---
name: agent-observability
description: strategies for agent observability (logging, tracing, metrics). Use this to instrument agents for debugging, performance tracking, and quality assurance.
---

# Agent Observability Strategies

## Goal
Move beyond simple monitoring ("Is it running?") to deep observability ("How is it thinking?"), enabling the diagnosis of complex failures in non-deterministic systems.

## The Three Pillars of Observability

### 1. Structured Logging (The Diary)
* **Definition:** Immutable, timestamped records of discrete events.
* **Best Practice:** Use structured JSON logs to capture the full context: prompt/response pairs, intermediate reasoning (Chain of Thought), and tool inputs/outputs.
* **Pattern:** Record the *intent* before an action and the *outcome* after to distinguish between decision failures and execution failures.

### 2. Distributed Tracing (The Narrative)
* **Definition:** A visual "yarn" connecting individual log entries (spans) into a single end-to-end task execution.
* **Usage:** Essential for root cause analysis. It reveals if a bad final answer was caused by a retrieval failure (RAG), a tool error, or an LLM hallucination.
* **Standard:** Use OpenTelemetry to link spans across services.


### 3. Metrics (The Scorecard)
Aggregated data points for tracking health over time. Separate these into two dashboards:

#### System Metrics (Operational Health)
* **Audience:** SREs / DevOps.
* **Key Metrics:** P99 Latency, Error Rate (traces with `error=true`), Token Consumption, and API Cost per Run.

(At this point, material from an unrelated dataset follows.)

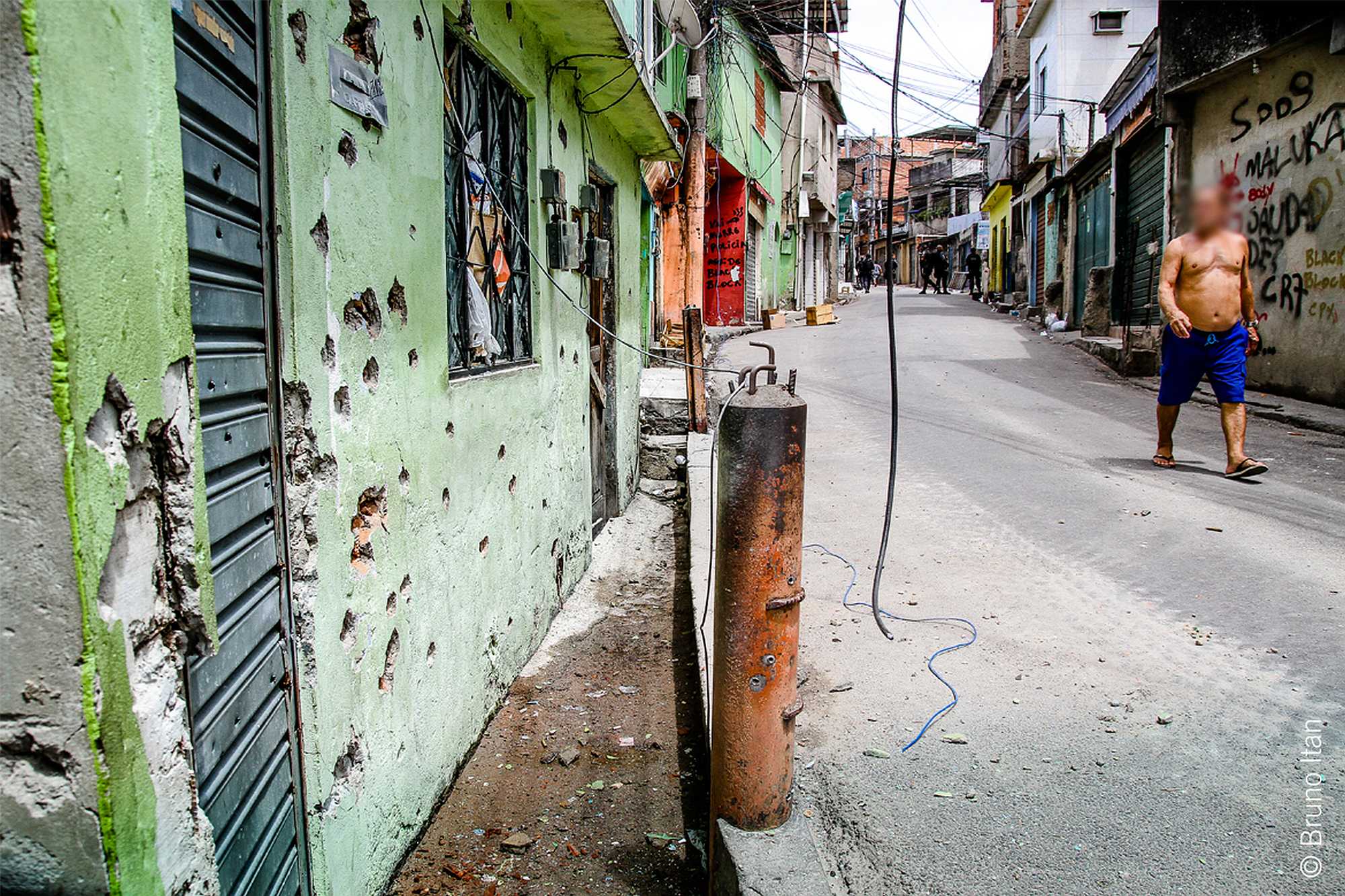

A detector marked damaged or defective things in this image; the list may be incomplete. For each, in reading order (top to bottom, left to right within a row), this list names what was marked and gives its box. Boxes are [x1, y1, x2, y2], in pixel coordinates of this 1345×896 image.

broken window [441, 36, 525, 374]
rusty metal bollard [710, 363, 802, 844]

#### Quality Metrics (Decision Health)
* **Audience:** Product / Data Science.
* **Key Metrics:**
    * **Trajectory Adherence:** Did the agent follow the ideal path?
    * **Hallucination Rate:** Frequency of ungrounded statements.
    * **Task Completion Rate:** Percentage of traces reaching a "success" state.

## Operational Best Practices
* **Dynamic Sampling:** To save costs, log 100% of errors but only sample 10% of successful traces in production.
* **PII Redaction:** Integrate PII scrubbing directly into the logging pipeline to sanitize user inputs before storage.